For decades now, people have been living anxious lives with insecure jobs, underemployed, trying to make a living. They worry about record levels of household debt, about the increasing costs of living, flatlining wages growth and whether high youth unemployment will catch their kids in its wrath. They struggle to access declining education and training opportunities. With 40% of Australians already in insecure work, our kids are facing futures in which permanent jobs with stable conditions are becoming a matter of luck.
The pandemic has pushed many of us to the edge.
It has reminded us that secure work and conditions are a vital element of a truly resilient economy and a happy society – and that its time for a massive rethink of labour market dynamics.
To rebuild a better post-COVID economy, we can turn to our own history for a blueprint of how to do it.
After the Second World War, the Chifley government implemented a full employment policy outlined in a White Paper written by H.C. “Nugget” Coombs. It was a tangible plan to realise the potential of all Australian workers. It begins with a simple recognition “that the people of Australia will demand and are entitled to expect full employment.” It places the responsibility for delivering that employment squarely upon government.
It committed the government to an economic framework that ensured everyone who wanted a job could get one and, at the same time, it allowed our country to welcome two million migrants from post-war Europe into the economy.
Fanciful, I hear you and many younger generations say. But it was a policy that prevailed for some 30 years. Even successive Liberal governments maintained it, keeping unemployment at or below 2%. It meant pulling policy levers that kept people employed like co-investment in the automobile industry, or direct government employment in utilities and the public service; through apprenticeships, traineeships and cadetships; through massive public works programs and smaller ones at local government level.
It is not fanciful, and with political will and an acknowledgement that the neo-liberal approach has not created the resilient economy we need, we could achieve it again. 
I see a sustainable future for our economy; towards direct investment in revitalising our energy grid, encouraging investment in wind and solar farms, building a hydrogen industry, closing the loop on our own waste management and hiring Indigenous Rangers to re-connect us with traditional land use and care. A full employment policy could support the workforce we need to regenerate our environments devasted by the summer fires and help mitigate the climate emergency.
It could include procurement policies that help our manufacturing sector grow and diversify so we are not reliant on global supply chains for vital products. We could increase the number of permanent workers in the public services to staff the Centrelink phonelines and clear the visa backlog. It could drive vocational training and entry level opportunities for good, steady jobs to ensure the NDIS and aged care sectors deliver for the vulnerable in our community.

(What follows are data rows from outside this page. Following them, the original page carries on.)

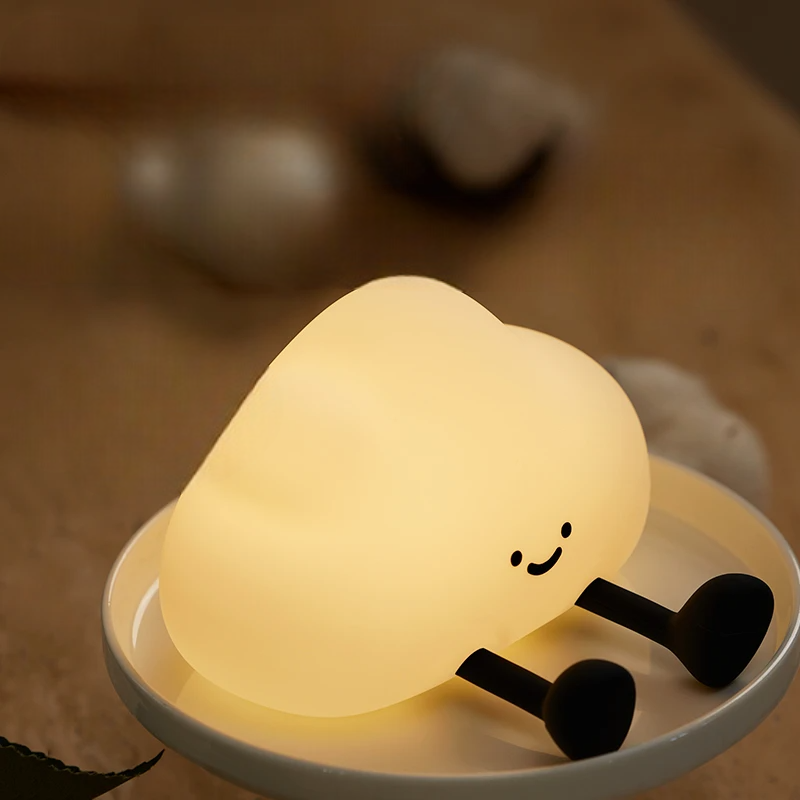 Cute lamp shaped like a cloud with a smiling face on a wooden surface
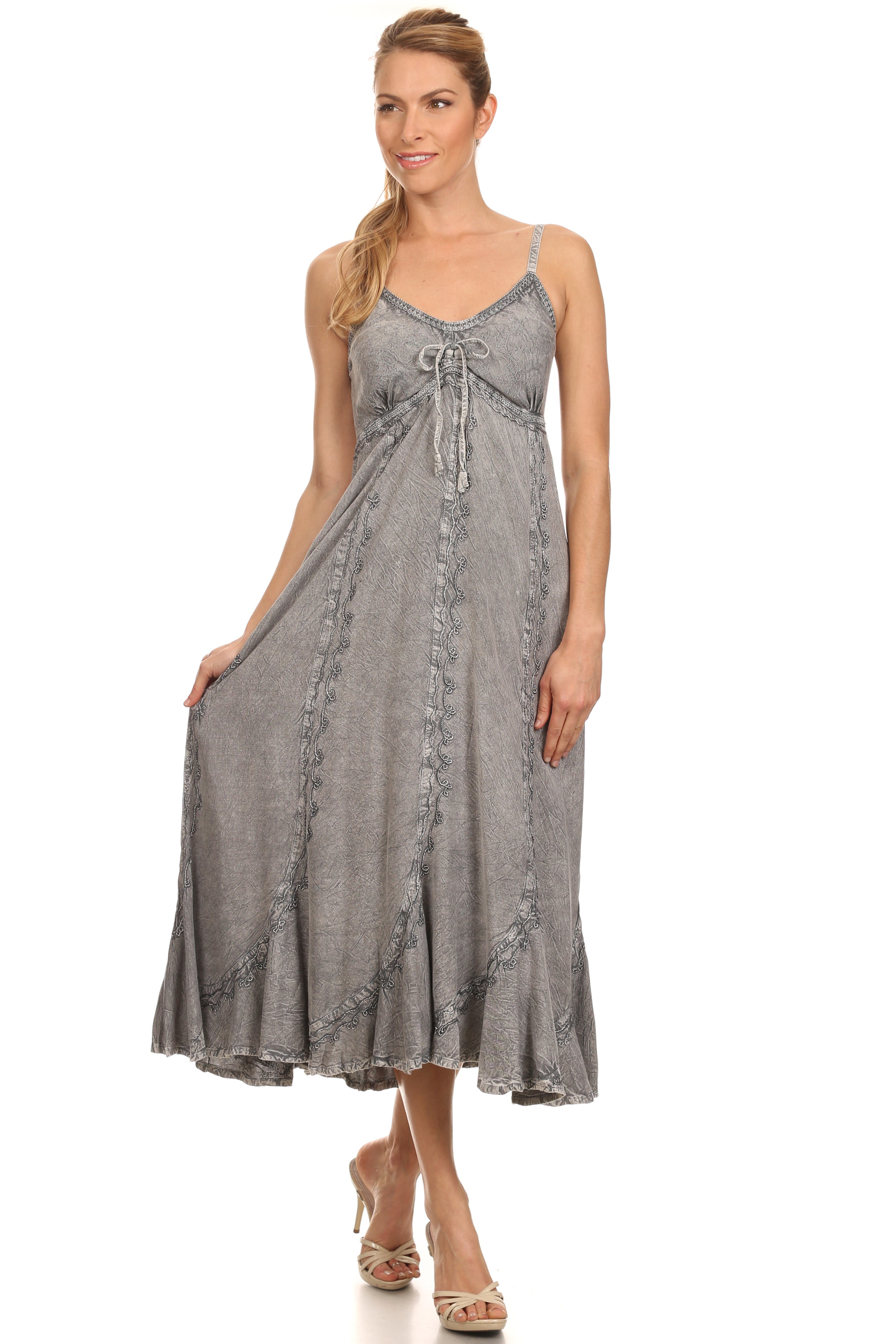 Woman wearing a gray sleeveless dress on a white background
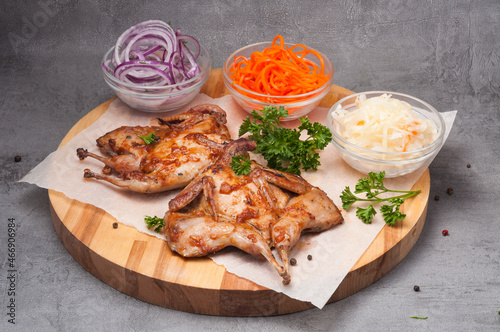grilled quail with onions, carrots and cabbage
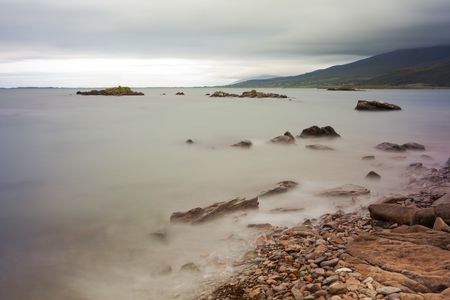 stones and boulders in milky sea long exposure rocky beach at Dingle peninsula Irelandの写真素材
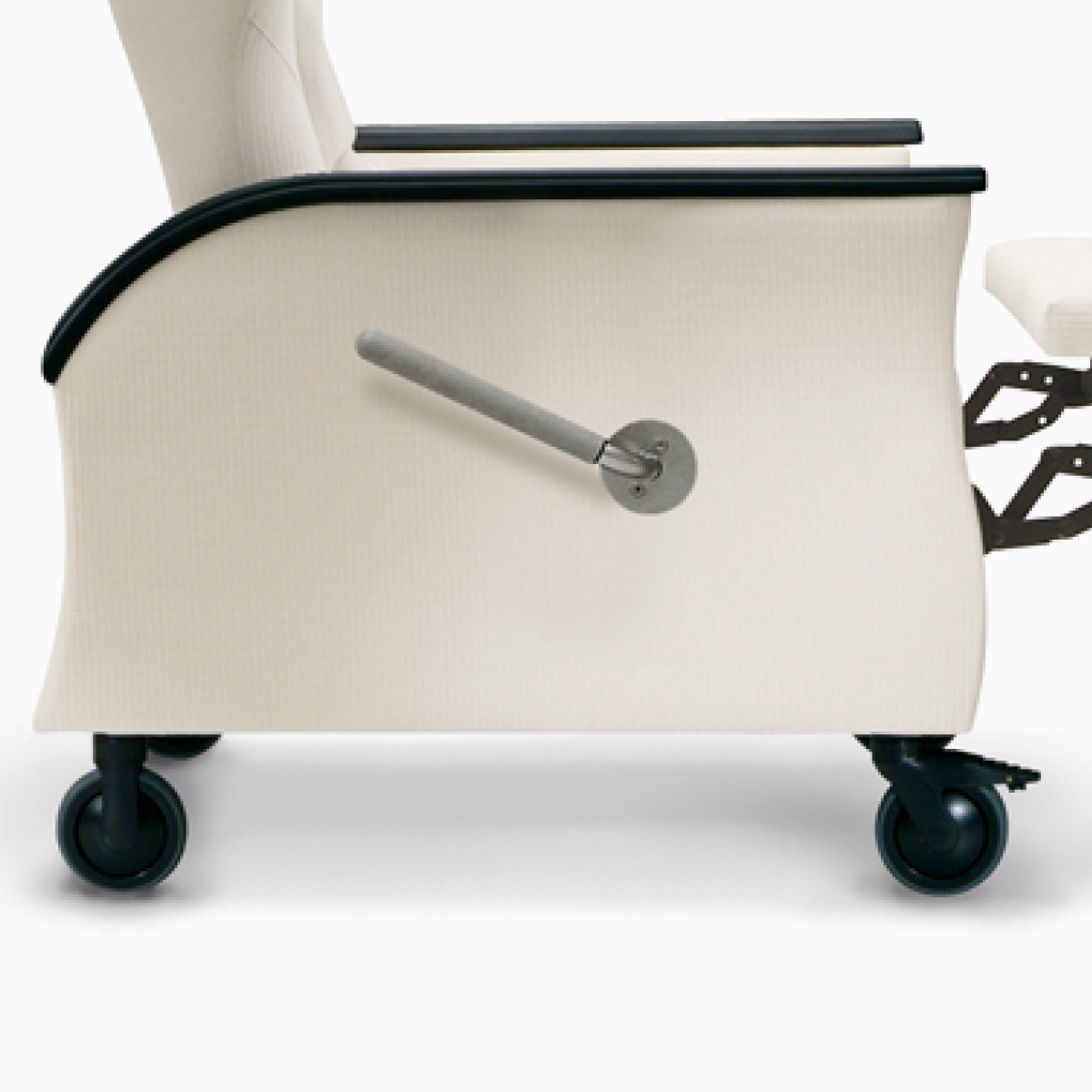 Close-up of a swiveling front caster with brake and a rear fixed caster on a Nemschoff Pristo Recliner.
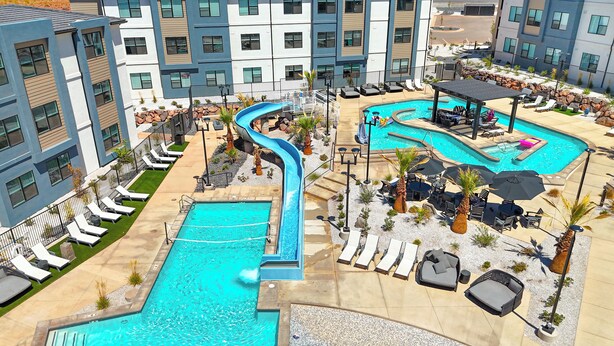A resort with multiple swimming pools, a lazy river, and outdoor seating areas. - The Way Station: Resort Pools, Lazy River, Waterslide + Pickleball (Hurricane)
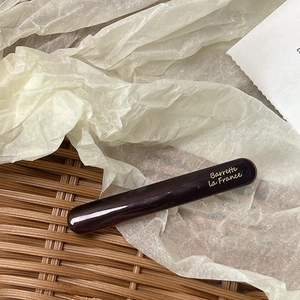 Close-up of a glossy dark brown acetate hair clip with golden Barrette La France lettering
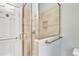 Elegant tiled shower with a glass enclosure, built-in niche, and brass hardware at 113 Bonner Ct, Cary, NC 27511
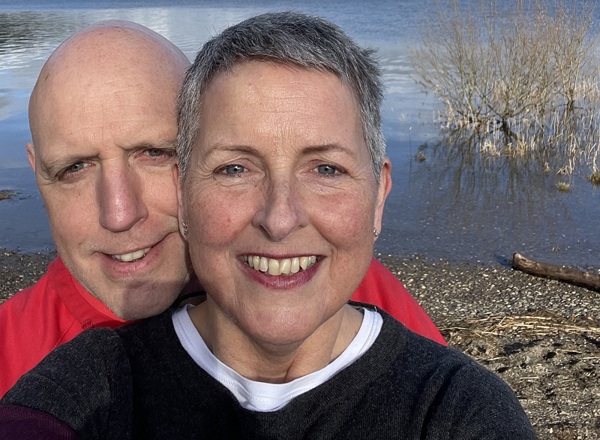 A photo of Christie patient Chris Thomasson-Dale and her husband Chris standing in front of a lake.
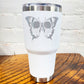 30oz white tumbler with silver skull butterfly in the center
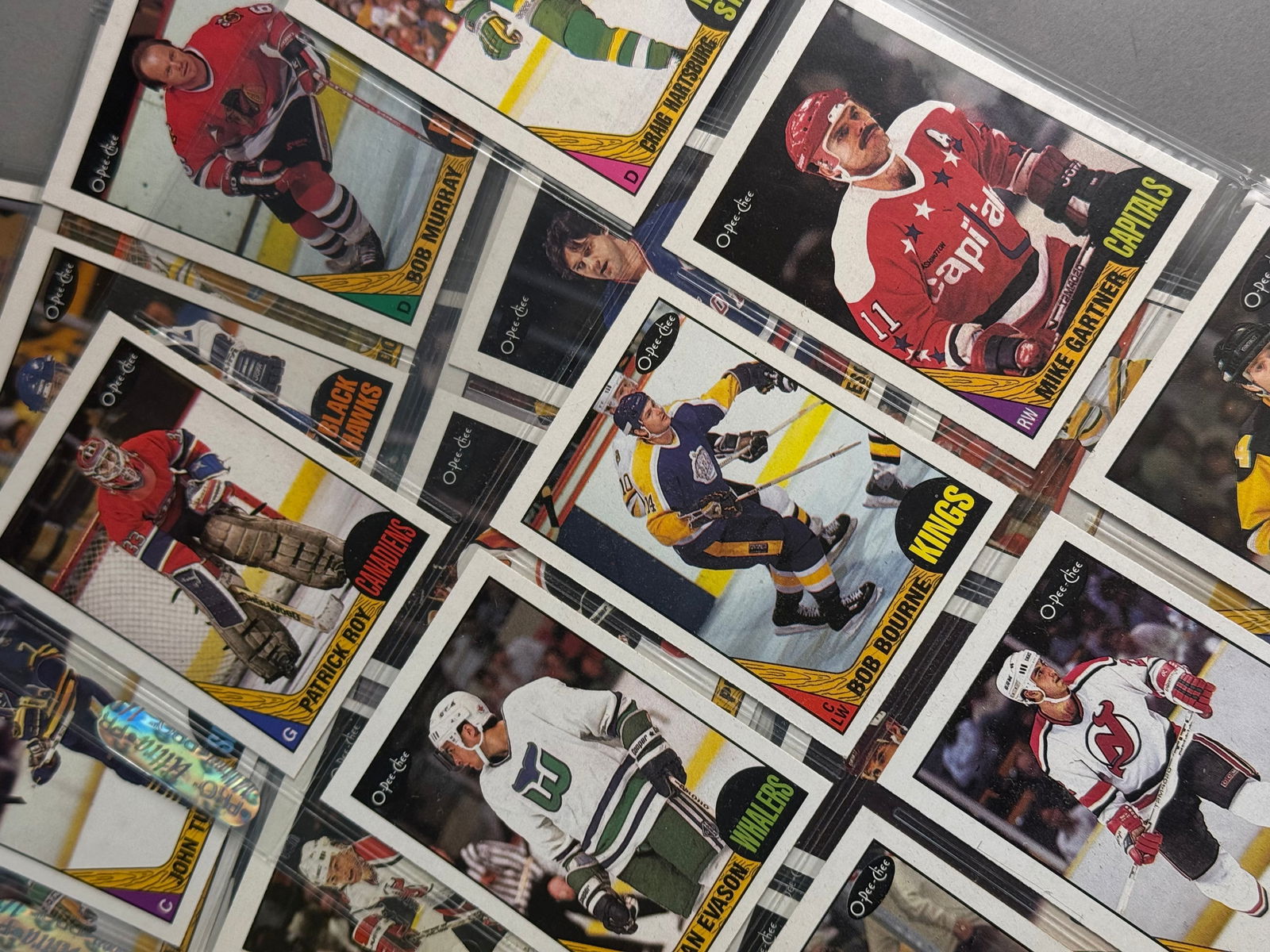 A Collection of 1987 O-Pee-Chee NHL Hockey Trading Cards: A collection of 1987 O-Pee-Chee hockey trading cards featuring various players from the National Hockey League. The collection is housed within clear plastic Ultra PRO nine-pocket protector sheets. 
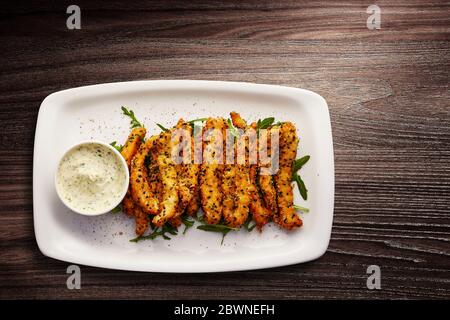 Direkt über Schuss schwarzer Sesamcod Goujons mit Tartare-Sauce in einem Teller serviert Stockfoto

Full employment policy with a jobs compact is key to ensuring we have a workforce skilled, ready and able to build the infrastructure, and the society, of the future. Yes, it will cost money. But the return would be immeasurable. The basic economic premise that money in people’s pockets is what drives the economy is sound.
The worst of the economic impact from the pandemic is yet to come and the 6 million people on JobKeeper demonstrate that the private sector is not up to the challenge without significant government intervention.
The looming challenge to this social and economic transformation will be the politics, specifically the Morrison Government’s delusional policy of ‘snap back’. In the months ahead we will see a battle over debt. The conservatives will want austerity and deregulation to pay down the debt. They will want to lower wages, gut environmental and workplace protections and punish those who can least afford it.
If we do this, we will simply tread water or even sink in comparison with other G20 economies.  
As Anthony Albanese said in his vision statement, it can’t be business as usual. We need to transform our economy and society so that the shock of the next bushfire or coronavirus emergency isn’t so great.
We need governments in these anxious times to rebuild productive and sustainable economies through a full employment policy, and directly creating jobs, jobs, jobs!